- **BRIEF**: Exact reproduction required: the lines below from the line with "New Balance 530" to the line with "Alain Auto Service", both ends included, and no others.

- **INPUT DATA**:
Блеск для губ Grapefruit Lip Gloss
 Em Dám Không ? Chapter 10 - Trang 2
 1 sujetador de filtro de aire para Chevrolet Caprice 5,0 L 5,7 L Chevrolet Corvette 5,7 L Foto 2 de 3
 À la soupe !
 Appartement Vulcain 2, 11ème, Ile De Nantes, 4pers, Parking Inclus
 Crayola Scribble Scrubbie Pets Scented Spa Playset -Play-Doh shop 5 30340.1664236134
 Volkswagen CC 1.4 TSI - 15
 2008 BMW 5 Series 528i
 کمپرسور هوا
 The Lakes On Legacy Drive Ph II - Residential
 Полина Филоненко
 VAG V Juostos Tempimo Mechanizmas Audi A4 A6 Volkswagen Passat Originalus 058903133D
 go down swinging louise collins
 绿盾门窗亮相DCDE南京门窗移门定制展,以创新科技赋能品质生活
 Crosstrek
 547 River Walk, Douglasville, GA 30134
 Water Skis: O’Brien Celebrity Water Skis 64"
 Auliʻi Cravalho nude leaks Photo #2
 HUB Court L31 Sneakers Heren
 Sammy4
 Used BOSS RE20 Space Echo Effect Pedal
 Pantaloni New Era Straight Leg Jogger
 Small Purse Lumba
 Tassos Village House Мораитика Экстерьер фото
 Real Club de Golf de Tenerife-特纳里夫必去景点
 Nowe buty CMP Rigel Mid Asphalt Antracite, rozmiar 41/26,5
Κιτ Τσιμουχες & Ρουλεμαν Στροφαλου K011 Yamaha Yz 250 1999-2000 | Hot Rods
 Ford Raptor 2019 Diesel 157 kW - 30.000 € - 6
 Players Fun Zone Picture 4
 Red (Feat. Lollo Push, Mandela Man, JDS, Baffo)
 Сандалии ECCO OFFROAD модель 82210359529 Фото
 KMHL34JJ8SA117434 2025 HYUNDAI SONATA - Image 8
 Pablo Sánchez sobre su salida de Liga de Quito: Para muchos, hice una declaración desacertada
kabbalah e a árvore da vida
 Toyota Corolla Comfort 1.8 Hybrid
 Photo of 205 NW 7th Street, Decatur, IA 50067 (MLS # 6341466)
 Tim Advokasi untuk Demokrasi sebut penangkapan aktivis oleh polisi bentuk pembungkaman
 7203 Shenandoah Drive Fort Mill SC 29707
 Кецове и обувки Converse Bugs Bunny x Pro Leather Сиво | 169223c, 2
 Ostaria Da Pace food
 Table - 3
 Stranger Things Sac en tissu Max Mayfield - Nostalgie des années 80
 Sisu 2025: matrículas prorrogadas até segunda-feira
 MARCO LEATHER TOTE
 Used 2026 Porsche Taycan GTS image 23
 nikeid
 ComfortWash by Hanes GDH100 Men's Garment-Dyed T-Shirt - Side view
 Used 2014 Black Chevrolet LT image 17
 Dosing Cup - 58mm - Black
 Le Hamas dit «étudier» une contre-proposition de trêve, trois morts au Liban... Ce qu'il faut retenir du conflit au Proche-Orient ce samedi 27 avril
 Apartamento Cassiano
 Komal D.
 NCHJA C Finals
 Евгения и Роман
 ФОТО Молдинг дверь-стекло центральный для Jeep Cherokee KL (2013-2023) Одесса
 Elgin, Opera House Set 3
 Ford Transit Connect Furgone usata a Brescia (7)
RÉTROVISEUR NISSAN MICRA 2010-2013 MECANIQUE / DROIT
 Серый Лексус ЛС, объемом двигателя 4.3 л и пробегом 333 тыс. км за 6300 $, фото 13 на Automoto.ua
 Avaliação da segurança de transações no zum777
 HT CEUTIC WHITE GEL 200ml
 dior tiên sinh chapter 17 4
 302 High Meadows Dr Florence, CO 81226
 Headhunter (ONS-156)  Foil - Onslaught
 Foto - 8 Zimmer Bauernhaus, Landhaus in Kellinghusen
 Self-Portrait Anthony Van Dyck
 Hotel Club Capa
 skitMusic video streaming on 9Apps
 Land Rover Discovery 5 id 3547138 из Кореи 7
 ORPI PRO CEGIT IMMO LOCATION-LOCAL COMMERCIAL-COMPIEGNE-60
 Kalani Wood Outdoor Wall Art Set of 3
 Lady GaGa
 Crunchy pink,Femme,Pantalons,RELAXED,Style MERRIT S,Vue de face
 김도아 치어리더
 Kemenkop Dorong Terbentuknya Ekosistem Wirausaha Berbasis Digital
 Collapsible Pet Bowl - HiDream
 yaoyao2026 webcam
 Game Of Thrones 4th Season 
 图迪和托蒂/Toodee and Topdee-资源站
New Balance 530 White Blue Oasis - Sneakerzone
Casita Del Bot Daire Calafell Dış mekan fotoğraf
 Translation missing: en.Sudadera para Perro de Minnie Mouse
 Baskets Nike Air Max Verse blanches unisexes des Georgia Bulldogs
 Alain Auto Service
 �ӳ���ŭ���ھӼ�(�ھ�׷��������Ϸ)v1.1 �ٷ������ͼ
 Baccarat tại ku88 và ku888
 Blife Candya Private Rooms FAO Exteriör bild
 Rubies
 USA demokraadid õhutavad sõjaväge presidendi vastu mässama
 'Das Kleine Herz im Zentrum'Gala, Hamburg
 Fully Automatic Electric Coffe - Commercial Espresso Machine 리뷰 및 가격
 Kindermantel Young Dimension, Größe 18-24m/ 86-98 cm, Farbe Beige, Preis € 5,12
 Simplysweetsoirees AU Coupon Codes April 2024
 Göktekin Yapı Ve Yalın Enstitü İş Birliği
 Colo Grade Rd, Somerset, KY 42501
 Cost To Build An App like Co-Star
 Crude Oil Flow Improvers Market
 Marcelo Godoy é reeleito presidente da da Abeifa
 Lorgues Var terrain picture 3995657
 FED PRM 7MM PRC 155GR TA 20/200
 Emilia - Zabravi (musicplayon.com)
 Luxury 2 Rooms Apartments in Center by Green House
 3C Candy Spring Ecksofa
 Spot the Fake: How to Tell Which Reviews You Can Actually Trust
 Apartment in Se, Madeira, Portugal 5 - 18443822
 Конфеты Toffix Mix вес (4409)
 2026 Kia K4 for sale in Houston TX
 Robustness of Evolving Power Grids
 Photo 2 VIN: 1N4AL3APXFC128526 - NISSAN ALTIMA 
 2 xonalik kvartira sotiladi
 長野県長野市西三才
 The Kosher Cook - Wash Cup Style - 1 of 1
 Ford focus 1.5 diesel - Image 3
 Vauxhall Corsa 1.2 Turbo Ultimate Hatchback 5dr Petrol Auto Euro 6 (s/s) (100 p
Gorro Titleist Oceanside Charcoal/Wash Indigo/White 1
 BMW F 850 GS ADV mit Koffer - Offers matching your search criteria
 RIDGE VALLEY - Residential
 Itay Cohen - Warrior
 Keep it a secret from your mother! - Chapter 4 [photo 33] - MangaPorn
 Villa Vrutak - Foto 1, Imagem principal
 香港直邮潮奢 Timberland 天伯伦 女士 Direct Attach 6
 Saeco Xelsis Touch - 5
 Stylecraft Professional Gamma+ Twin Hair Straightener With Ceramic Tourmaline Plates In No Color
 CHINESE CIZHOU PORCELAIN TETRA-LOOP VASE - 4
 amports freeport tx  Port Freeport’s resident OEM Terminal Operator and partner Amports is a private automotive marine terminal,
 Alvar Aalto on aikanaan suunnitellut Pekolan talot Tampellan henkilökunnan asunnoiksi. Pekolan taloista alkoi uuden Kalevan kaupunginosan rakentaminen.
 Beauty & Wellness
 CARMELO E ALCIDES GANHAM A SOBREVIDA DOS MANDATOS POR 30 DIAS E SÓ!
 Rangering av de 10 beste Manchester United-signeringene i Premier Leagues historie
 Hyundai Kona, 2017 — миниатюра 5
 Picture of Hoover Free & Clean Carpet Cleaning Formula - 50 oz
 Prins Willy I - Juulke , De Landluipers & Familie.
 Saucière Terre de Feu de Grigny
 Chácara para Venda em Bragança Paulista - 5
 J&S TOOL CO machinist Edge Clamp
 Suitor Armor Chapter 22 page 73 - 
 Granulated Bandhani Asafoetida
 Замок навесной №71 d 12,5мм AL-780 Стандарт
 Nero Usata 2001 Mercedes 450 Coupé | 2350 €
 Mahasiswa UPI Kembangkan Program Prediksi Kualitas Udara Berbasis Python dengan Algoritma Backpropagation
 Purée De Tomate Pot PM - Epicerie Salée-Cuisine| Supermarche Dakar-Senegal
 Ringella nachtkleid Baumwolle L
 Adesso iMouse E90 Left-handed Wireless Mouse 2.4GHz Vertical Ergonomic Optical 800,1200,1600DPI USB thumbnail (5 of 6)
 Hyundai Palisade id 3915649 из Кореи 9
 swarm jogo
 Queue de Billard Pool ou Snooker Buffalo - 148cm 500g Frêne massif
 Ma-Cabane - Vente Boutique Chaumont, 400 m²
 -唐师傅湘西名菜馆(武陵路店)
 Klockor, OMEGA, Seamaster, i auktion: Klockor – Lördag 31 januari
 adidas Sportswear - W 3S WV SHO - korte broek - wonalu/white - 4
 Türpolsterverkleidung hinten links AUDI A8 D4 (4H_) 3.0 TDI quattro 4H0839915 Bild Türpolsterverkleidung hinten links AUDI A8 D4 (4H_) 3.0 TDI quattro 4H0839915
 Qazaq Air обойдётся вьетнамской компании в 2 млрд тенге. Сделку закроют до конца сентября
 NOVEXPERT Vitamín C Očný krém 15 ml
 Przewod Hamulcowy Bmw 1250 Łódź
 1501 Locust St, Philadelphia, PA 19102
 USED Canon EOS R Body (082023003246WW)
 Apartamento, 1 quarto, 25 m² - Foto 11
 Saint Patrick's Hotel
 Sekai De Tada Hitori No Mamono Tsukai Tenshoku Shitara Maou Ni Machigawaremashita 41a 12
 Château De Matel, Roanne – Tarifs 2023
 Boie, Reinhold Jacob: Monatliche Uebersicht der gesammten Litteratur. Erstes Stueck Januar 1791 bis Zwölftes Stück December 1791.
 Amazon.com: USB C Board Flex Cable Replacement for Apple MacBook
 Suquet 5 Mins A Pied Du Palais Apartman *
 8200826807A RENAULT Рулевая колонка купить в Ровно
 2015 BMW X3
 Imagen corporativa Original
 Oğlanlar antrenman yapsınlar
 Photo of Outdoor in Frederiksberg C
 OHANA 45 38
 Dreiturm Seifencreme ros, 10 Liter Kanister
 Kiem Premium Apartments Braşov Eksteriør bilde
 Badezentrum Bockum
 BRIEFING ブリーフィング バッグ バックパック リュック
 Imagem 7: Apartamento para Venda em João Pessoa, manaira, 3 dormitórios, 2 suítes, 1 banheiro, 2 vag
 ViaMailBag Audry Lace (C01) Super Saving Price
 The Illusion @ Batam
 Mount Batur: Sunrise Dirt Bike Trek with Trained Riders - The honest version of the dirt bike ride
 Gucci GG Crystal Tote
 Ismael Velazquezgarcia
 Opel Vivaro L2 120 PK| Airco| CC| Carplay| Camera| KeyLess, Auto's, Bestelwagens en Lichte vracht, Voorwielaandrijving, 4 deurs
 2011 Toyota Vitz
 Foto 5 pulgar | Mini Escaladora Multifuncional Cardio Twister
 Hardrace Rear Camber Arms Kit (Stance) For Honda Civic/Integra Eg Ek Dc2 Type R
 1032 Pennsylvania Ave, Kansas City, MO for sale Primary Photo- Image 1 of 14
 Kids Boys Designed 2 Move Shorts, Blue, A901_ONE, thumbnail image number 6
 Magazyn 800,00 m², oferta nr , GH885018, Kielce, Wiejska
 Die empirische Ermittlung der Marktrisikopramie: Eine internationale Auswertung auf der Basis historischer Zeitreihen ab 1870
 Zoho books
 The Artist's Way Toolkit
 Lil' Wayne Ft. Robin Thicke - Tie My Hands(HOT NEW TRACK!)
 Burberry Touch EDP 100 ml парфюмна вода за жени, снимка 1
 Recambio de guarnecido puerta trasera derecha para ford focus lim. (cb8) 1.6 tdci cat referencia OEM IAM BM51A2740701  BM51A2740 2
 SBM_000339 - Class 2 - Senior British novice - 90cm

- **RESULT FOR THIS TASK**:
New Balance 530 White Blue Oasis - Sneakerzone
Casita Del Bot Daire Calafell Dış mekan fotoğraf
 Translation missing: en.Sudadera para Perro de Minnie Mouse
 Baskets Nike Air Max Verse blanches unisexes des Georgia Bulldogs
 Alain Auto Service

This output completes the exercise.